> What you have to do: Write out the data again exactly, skipping every picture.

> Provided data:

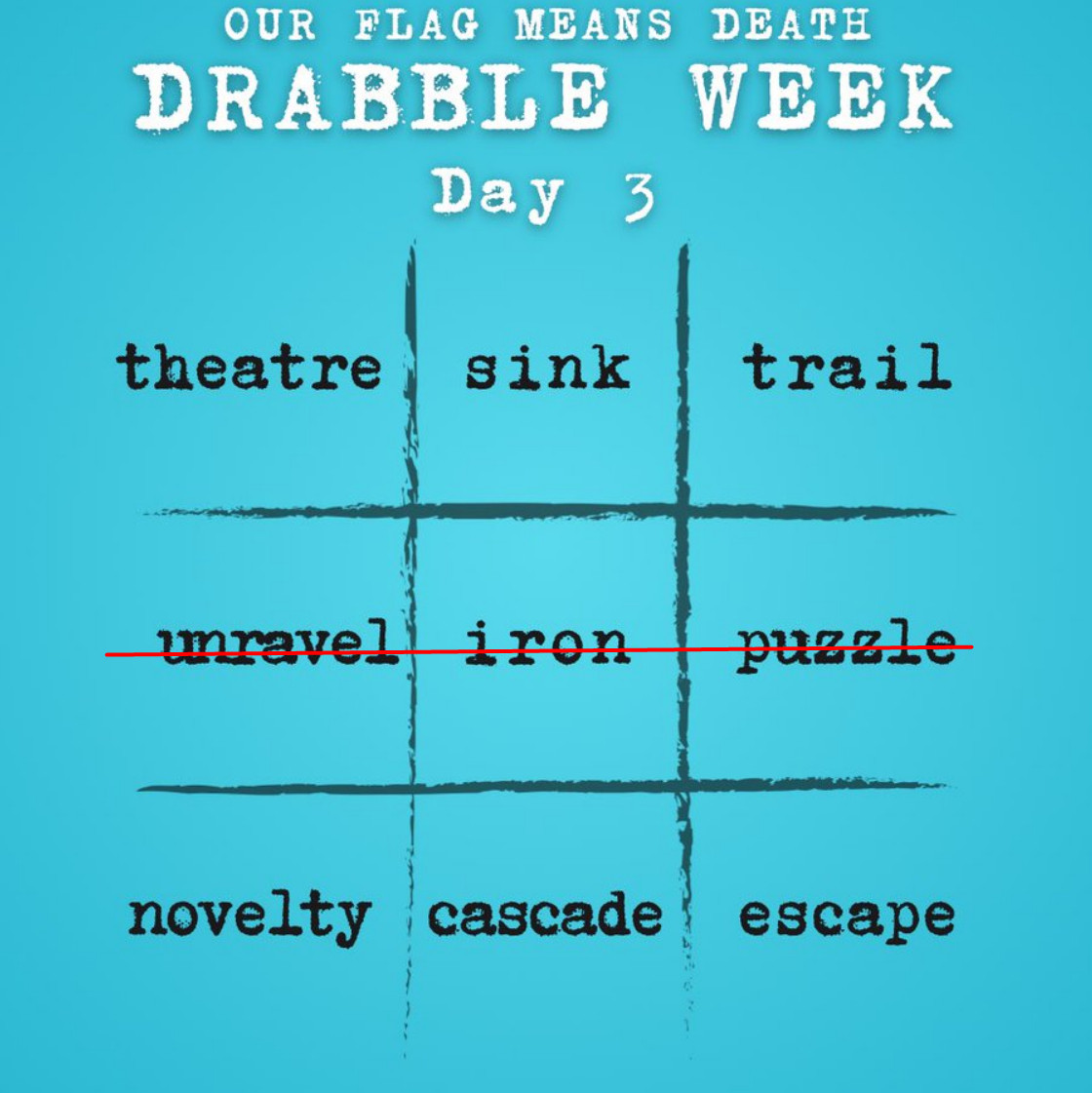 Our Flag Means Death Drabble Week Day 3

theatre | sink | trail
(crossed out) unravel | iron | puzzle
novelty | cascade | escape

> Result:
 Our Flag Means Death Drabble Week Day 3

theatre | sink | trail
(crossed out) unravel | iron | puzzle
novelty | cascade | escape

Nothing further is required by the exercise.